Under this line are the records; write out word for word the part that begins at the line containing "Nahaufnahme von Senioren" and ends at the line containing "21233 Forest Trail, Big Rapids, MI 49307", and no more.

= = = = = = =

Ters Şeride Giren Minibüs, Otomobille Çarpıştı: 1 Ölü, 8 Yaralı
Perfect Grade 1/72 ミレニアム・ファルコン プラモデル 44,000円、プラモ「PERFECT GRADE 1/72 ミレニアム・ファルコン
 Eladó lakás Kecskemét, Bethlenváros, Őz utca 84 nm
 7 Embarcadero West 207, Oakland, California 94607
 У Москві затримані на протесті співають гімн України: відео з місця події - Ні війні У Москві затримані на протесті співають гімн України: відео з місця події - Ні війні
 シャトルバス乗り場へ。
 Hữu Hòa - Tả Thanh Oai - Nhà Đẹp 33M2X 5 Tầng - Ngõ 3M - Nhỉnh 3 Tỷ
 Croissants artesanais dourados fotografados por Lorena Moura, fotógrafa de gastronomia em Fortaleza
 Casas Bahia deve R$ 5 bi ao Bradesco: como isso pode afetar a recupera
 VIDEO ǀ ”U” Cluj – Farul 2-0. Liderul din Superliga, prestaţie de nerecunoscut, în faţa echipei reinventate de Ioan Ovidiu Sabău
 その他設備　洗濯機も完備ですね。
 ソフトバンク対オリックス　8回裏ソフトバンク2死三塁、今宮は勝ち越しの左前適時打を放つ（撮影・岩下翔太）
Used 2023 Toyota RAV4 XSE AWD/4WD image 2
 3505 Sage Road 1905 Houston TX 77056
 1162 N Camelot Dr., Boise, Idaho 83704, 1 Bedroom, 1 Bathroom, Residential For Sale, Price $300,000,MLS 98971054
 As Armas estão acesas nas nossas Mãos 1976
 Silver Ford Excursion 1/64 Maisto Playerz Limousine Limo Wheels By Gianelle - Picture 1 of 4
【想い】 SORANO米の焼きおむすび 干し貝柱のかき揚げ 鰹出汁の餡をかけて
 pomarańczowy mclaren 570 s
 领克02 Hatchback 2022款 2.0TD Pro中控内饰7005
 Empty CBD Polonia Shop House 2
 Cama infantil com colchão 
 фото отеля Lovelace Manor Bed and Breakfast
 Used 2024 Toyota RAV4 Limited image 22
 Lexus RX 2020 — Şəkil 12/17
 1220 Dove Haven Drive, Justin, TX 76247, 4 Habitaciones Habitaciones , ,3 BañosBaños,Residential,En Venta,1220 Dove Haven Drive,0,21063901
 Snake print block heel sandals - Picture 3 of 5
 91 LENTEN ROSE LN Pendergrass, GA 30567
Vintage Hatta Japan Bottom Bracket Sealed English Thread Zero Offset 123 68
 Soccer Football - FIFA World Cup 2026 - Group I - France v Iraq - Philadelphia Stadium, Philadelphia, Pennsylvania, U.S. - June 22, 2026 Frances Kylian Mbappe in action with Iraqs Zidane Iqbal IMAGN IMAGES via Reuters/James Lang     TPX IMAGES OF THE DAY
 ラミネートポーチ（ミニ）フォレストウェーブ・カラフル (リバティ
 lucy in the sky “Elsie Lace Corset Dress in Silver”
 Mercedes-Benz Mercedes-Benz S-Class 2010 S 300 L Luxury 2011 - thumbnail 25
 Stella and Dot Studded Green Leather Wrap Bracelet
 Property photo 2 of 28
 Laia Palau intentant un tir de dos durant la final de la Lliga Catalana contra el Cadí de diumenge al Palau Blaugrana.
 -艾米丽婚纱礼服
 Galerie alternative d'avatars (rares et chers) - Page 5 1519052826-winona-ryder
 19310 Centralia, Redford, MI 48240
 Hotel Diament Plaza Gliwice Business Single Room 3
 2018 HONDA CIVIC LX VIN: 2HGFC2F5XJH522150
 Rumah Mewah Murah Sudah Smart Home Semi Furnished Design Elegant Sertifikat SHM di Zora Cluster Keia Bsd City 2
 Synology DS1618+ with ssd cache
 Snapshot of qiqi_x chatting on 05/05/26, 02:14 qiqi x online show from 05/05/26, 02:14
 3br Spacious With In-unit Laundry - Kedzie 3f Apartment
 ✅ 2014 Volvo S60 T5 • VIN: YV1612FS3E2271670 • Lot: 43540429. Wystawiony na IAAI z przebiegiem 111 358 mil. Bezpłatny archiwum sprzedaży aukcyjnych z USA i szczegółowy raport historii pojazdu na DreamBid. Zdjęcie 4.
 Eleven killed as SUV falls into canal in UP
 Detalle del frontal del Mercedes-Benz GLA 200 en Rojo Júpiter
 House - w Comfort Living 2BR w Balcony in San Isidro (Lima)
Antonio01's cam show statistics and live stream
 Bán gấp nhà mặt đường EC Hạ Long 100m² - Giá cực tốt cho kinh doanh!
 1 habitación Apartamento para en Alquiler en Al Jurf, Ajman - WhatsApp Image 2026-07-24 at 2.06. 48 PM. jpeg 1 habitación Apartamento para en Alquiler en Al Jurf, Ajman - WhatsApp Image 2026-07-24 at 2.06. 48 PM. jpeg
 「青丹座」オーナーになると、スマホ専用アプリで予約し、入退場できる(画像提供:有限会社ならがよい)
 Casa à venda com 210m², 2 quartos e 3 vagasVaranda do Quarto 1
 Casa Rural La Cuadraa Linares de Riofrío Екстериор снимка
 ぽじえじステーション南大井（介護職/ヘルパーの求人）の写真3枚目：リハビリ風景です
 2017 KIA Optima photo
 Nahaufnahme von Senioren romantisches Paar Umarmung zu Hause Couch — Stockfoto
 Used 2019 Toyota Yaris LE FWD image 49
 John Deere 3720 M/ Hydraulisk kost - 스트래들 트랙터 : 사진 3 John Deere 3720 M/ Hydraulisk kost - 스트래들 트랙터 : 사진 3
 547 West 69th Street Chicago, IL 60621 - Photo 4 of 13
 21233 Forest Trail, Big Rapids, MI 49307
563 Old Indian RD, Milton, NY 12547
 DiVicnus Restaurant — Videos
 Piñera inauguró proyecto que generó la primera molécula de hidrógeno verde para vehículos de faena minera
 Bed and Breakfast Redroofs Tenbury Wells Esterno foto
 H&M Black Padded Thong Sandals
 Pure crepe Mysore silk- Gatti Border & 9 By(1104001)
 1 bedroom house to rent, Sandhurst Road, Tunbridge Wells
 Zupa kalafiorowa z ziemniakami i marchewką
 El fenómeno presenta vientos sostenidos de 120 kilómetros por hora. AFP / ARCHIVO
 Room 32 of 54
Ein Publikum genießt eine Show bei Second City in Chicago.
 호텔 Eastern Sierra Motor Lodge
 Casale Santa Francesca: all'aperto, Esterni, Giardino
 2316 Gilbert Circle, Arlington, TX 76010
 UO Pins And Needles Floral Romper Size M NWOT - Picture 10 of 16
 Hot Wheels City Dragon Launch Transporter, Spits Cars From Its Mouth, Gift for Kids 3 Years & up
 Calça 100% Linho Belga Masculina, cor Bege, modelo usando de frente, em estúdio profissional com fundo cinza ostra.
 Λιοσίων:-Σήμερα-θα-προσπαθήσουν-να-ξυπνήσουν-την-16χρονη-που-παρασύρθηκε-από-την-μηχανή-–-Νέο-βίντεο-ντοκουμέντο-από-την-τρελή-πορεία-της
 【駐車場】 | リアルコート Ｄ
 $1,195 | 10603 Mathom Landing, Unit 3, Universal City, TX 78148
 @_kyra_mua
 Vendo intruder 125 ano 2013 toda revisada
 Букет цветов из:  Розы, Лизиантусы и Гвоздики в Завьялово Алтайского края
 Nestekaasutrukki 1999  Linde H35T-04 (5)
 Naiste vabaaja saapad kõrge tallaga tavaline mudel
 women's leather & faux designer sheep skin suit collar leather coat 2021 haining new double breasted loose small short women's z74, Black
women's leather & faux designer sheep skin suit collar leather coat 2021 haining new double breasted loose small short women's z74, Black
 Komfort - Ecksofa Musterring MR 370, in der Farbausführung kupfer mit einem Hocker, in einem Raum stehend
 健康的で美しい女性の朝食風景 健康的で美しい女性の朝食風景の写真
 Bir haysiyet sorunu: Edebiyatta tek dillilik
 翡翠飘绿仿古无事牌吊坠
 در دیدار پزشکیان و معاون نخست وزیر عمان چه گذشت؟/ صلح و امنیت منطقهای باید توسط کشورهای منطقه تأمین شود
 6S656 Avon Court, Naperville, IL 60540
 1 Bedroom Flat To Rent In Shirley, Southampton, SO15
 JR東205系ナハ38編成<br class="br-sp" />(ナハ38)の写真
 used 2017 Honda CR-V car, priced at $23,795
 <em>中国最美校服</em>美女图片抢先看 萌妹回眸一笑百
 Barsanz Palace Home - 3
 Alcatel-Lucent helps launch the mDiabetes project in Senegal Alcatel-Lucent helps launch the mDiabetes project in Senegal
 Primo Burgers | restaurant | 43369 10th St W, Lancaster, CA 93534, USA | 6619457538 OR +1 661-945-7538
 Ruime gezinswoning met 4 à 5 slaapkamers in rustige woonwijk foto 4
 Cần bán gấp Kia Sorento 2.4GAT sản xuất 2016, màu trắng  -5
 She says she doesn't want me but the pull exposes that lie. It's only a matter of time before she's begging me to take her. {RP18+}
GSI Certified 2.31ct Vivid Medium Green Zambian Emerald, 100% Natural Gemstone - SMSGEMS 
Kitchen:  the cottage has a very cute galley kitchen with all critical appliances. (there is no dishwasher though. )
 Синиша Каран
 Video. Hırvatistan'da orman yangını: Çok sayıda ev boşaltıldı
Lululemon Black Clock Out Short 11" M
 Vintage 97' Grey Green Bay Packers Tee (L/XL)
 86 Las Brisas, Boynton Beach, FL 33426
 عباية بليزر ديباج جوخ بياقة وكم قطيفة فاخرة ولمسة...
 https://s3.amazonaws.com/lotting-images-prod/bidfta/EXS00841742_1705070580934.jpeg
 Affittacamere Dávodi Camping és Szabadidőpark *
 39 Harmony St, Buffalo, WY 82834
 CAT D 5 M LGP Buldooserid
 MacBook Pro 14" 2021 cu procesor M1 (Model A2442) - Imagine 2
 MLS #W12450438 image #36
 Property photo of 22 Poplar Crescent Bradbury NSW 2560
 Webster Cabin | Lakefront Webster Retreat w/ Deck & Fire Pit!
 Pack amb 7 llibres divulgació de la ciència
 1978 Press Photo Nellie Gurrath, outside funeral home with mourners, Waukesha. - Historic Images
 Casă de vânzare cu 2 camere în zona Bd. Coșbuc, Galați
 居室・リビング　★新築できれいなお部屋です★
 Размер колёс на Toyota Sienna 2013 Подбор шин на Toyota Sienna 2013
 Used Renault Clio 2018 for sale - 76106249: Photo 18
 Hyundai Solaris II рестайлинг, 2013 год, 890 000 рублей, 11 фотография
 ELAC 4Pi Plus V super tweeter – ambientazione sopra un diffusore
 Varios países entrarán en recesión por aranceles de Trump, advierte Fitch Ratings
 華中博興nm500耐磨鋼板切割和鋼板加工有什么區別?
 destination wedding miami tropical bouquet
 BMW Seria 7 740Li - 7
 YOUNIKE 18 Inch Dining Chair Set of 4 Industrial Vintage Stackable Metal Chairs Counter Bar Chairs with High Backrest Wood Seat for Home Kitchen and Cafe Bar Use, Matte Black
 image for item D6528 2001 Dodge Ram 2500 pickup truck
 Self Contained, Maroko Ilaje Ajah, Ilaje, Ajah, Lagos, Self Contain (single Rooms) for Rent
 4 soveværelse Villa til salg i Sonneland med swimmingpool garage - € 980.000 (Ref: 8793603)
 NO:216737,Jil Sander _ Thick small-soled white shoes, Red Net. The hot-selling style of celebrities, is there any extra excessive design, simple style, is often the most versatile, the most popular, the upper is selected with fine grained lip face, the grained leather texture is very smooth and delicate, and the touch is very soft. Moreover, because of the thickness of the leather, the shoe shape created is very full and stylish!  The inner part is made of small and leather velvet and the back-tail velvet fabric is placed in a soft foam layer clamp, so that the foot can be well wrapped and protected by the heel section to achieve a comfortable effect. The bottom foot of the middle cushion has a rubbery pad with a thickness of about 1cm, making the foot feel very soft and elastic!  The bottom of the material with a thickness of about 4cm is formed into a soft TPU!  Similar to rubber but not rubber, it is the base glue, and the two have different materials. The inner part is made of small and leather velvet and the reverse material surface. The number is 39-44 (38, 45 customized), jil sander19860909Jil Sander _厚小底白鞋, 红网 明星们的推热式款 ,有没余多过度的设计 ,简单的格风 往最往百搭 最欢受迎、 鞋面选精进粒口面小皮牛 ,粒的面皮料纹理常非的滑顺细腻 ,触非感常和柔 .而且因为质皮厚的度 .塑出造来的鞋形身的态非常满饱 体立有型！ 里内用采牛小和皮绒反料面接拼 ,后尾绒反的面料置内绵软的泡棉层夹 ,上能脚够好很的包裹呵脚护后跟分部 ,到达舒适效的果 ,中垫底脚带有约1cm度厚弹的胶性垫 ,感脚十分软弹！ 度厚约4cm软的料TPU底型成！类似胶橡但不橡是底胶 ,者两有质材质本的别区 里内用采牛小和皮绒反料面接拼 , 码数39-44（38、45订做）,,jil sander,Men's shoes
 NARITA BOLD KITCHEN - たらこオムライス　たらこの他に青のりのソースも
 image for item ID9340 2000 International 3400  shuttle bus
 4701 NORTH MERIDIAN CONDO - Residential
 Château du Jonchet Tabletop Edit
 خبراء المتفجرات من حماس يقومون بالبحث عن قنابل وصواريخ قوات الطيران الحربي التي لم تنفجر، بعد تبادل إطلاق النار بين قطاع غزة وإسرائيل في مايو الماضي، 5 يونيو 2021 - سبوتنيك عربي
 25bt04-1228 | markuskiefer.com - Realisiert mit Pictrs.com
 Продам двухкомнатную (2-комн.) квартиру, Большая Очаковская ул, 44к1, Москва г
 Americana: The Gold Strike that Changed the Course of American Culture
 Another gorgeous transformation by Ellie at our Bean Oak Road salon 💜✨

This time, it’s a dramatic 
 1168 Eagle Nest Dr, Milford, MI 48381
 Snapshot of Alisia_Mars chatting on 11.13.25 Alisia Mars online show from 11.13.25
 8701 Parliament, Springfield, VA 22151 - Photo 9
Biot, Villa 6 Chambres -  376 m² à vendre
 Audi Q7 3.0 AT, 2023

= = = = = = =

### Task output
 Nahaufnahme von Senioren romantisches Paar Umarmung zu Hause Couch — Stockfoto
 Used 2019 Toyota Yaris LE FWD image 49
 John Deere 3720 M/ Hydraulisk kost - 스트래들 트랙터 : 사진 3 John Deere 3720 M/ Hydraulisk kost - 스트래들 트랙터 : 사진 3
 547 West 69th Street Chicago, IL 60621 - Photo 4 of 13
 21233 Forest Trail, Big Rapids, MI 49307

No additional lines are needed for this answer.